He claimed that taking part in a phony political process that yields the same results no matter who is elected is, in effect, taking part in a fraud. It’s a cliché that those who don’t vote shouldn’t offer opinions about government, but Brand rejected this, saying that he doesn’t want to be, “complicit in this ridiculous illusion,” by casting a ballot.

He said that the government or, “political class,” does not serve the populations that elect them; they serve a tiny minority of wealthy individuals and corporations whose interests, often are in direct conflict with the interests of the public.

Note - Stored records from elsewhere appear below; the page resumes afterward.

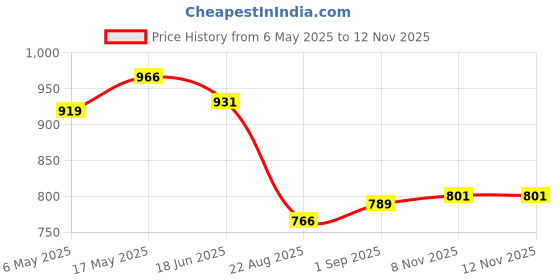 industrybuying.com ANALOG DEVICES Serial Communications RS232 TXRX, 230KBPS, 5.5V, WSOIC-20, MAX3185CWP+ analog devices Price History Graph from 6 May 2025 to 12 Nov 2025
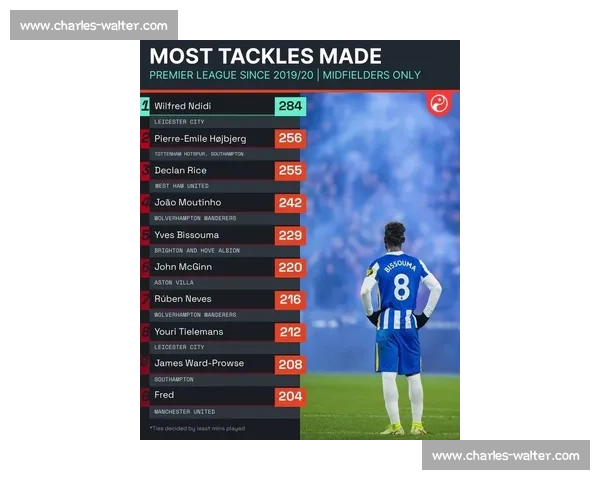 英超焦点战埃弗顿对阵热刺赛前走势与胜负预测深度解析全面指南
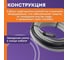 Греющий саморегулирующийся кабель Обогрев Люкс Lite на трубу 17 метров 11017 4
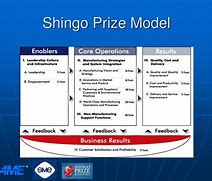 Image result for Shingo Prize Model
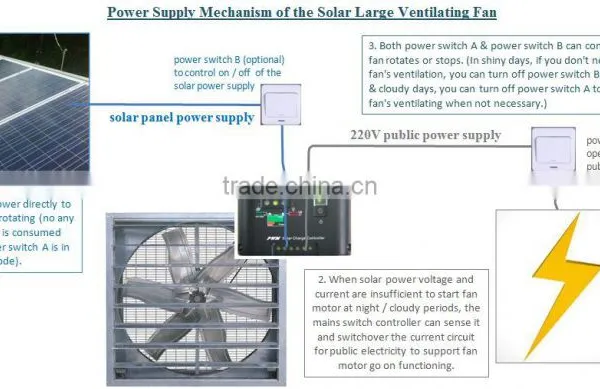 250 Watt 900x900x400mm Industrial Use Negative Pressure Type Solar Air Extractor Wall Fan photo-2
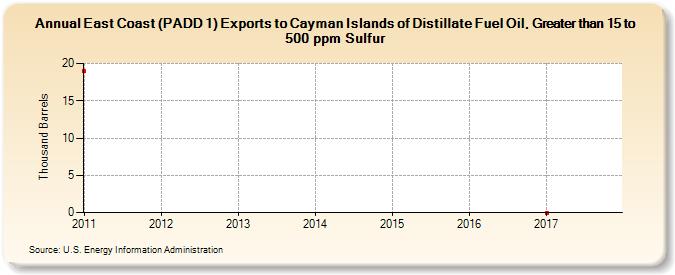 East Coast (PADD 1) Exports to Cayman Islands of Distillate Fuel Oil, Greater than 15 to 500 ppm Sulfur (Thousand Barrels)
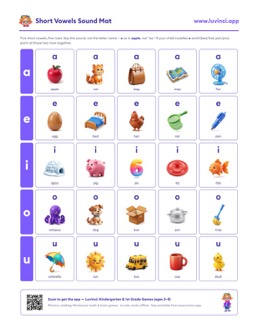 Preview of “Short Vowel Words: All Five Sounds, and How Long Vowels Differ”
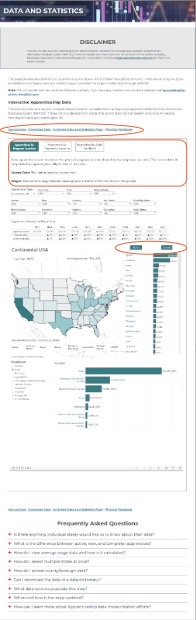 Screenshot of the final design for the data and statistics page that incorporates user interview findings.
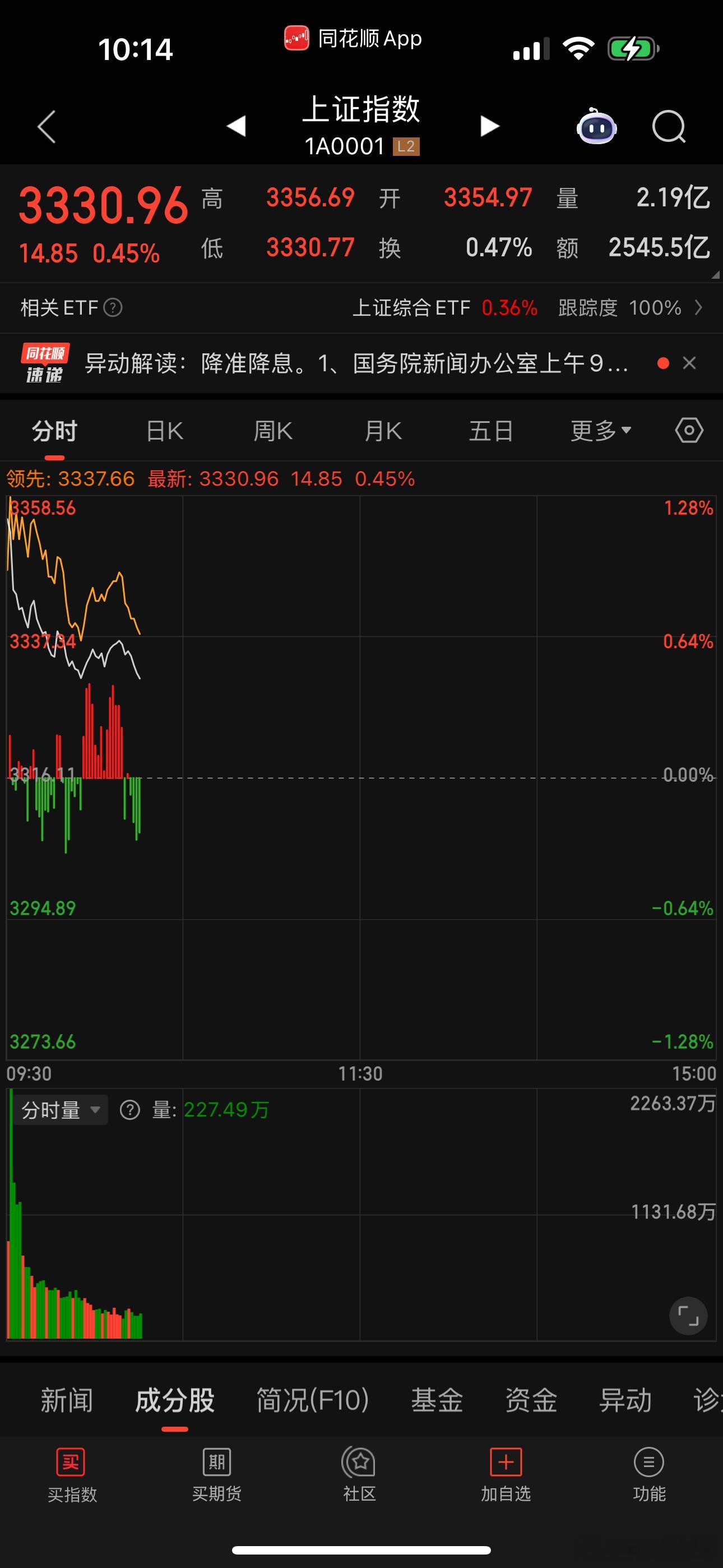 降准降息，算是利好落地，早在之前都已经说了降准降息，大盘连续上涨过后再出利好，明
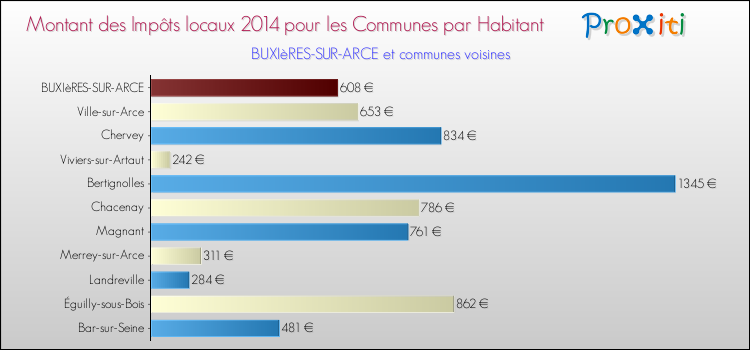 Montant des impôts locaux par Habitant pour BUXIèRES-SUR-ARCE et les communes proches en 2014 Comparaison des impôts locaux par habitant pour BUXIèRES-SUR-ARCE et les communes voisines en 2014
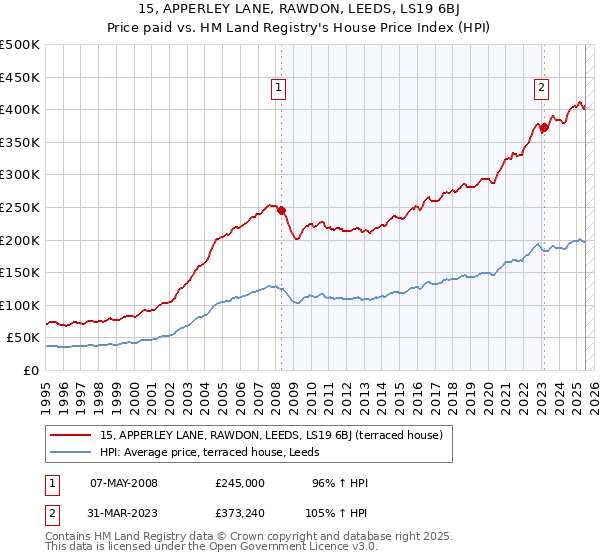 15, APPERLEY LANE, RAWDON, LEEDS, LS19 6BJ: Price paid vs HM Land Registry's House Price Index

Therefore, it’s no use to seek answers to what ails us in the existing “paradigm.” We need to venture into new ways of thinking.

Despite describing the world in a horrid state of oppression, poverty, and environmental degradation all aided and abetted by democratically elected leaders, Brand was extremely optimistic.

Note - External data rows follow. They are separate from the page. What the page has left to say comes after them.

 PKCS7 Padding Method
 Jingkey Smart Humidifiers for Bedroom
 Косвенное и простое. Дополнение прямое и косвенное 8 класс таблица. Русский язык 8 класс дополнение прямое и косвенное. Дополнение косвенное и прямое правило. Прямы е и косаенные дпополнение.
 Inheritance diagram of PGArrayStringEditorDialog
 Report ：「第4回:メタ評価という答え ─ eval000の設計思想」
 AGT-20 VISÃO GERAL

He said that, “without a flicker of a doubt,” things were going to change. In his view, revolution is inevitable.

What he said that resonated the most with me, and which led to my revelation of my own uselessness, was not his main point. However, I think it speaks to how current events, political and otherwise, are discussed by young adults in the information age.

Brand says that, despite our corrupt political class, we can make progress on the issues that we feel passionate about if we follow through.

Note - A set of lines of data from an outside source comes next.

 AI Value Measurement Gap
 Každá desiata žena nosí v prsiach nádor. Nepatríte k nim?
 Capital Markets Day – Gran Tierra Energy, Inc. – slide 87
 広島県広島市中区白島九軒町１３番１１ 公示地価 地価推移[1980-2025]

“Instead of in some moment of lachrymose sentimentality trotted out on the TV for people to pour over. Emotional porn. If we can engage that feeling and change things, why wouldn’t we?”

But, do we want the world to change for the better? We have such fun pointing out how fucked up it is. When we see fault in others and that fault relates to what we think is an example of what is wrong with the world, we feel a twisted satisfaction. And more than that, we feel vindicated. We’re not culpable for the current state of affairs. We know better.

With all the information in the world at our fingertips, we have the ability to use the online media in all its diversity, not for education, but as a tool for our own self-gratification.

We can do this is by reading tweets, watching videos, or reading blogs and articles about politicians, pundits or celebrities that we disagree with. They say things that we find offensive, then we get angry and indignant, and it feels good.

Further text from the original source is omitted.